I spent 12 hours playing "Far Harbor," the new downloadable coda to November's "Fallout 4."
I spent six of those hours playing "Far Harbor's" most infuriating sequence.
Or at least that's how long it felt. A stealth sales pitch for "Fallout 4's" most innovative but ignored system, settlement-building, the sequence Trons you into the memory banks of a synth. You have to scavenge for blocks to build a road on which little green digital mites can reach the synth's lost memories, and also place turrets to defend them. Clearing the way for the road, however, also requires you to place another kind of block that redirects a laser into red firewalls and thus dissolves them.
The whole thing is "Portal" in design but "Minecraft" in slow, painstaking play. Any intellectually stimulating "a ha!" moments are burned away by the rigors of reaching the next one. By the time you uncover the synth's most revelatory memory at the end of the fourth of these wireframe puzzles, you're too worn down to register the shock it deserves — and too hurried to move along and slog through the fifth and final of them.
(Warning: Significant spoilers below. If you'd like to read my general, spoiler-free impress…

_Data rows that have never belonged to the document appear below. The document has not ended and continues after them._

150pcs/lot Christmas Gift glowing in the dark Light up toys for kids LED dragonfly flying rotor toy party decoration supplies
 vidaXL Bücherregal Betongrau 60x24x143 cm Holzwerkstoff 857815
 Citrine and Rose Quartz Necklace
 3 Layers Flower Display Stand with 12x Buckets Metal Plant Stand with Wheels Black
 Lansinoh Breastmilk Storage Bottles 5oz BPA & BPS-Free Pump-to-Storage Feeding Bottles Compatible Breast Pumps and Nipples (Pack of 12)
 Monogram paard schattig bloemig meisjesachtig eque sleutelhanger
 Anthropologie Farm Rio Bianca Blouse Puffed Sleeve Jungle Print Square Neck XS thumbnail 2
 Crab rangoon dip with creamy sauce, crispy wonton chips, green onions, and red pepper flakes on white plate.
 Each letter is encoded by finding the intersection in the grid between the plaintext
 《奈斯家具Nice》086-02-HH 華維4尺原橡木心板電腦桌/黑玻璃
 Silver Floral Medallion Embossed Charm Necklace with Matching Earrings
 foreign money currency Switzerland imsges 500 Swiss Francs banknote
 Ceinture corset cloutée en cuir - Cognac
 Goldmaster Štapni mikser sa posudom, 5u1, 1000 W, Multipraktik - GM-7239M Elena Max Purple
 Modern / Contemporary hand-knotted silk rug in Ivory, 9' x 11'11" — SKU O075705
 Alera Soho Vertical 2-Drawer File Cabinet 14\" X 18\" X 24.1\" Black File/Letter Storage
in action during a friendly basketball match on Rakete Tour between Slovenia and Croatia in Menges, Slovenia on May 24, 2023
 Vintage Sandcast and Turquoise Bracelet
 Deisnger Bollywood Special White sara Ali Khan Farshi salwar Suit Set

That synth, the tube-headed DiMA, is at the center of another factional balancing act in "Far Harbor" — another rendering of deadly judgments based on whether you think religion is stupid or robots are people. Sometimes the dilemmas are compelling, and sometimes they feel like more rungs on the same philosophical hamster wheel.
"Far Harbor," to Bethesda's credit, shows some signs that the "Fallout" and "Elder Scrolls" studio realizes how tired and absurd the messianic trope of its open-world RPGs has become. A few conversations felt only a step or two removed from my Wanderer being asked, "What is wrong with you? Who just shows up somewhere new and kills hundreds of people in the name of 'helping others'?"
Cyberspace puzzles aside, the routine quests of "Far Harbor" are staged on a whole new island map bathed in radioactive fog and overrun with a few new enemies. The map is nothing special — its gray-brown palette and stuttering framerate suffocate any Stephen King-esque charm in its Maine setting and all the lobster catching that comes with it.
The enemies, meanwhile, achieve some novelty in the beastly sea creatures (giant hermit crabs!) but only brutal unfairness in the new Assaultron Dominator. The latter word is right — the thing one-hit killed my level-45 Wanderer about 15 times before I save-scummed my way to victory. Then I immediately had to fight another one.
I almost never notched those incremental kills, though. The first time I stepped off the boat at Far Harbor, I couldn't speak with Capt. Avery, the settlement leader who gives you the DLC's first main quest. It seems a bug from late in my "Fallout 4" play-through disabled that and other, similarly significant conversation options.
I'd find a save, from five hours and three levels earlier, that let me talk to Avery. But I almost wish I hadn't. "Far Harbor" may glimpse its core game's crests and even flood you with precious adhesive for crafting, but it's otherwise a weak voyage for a strong vessel.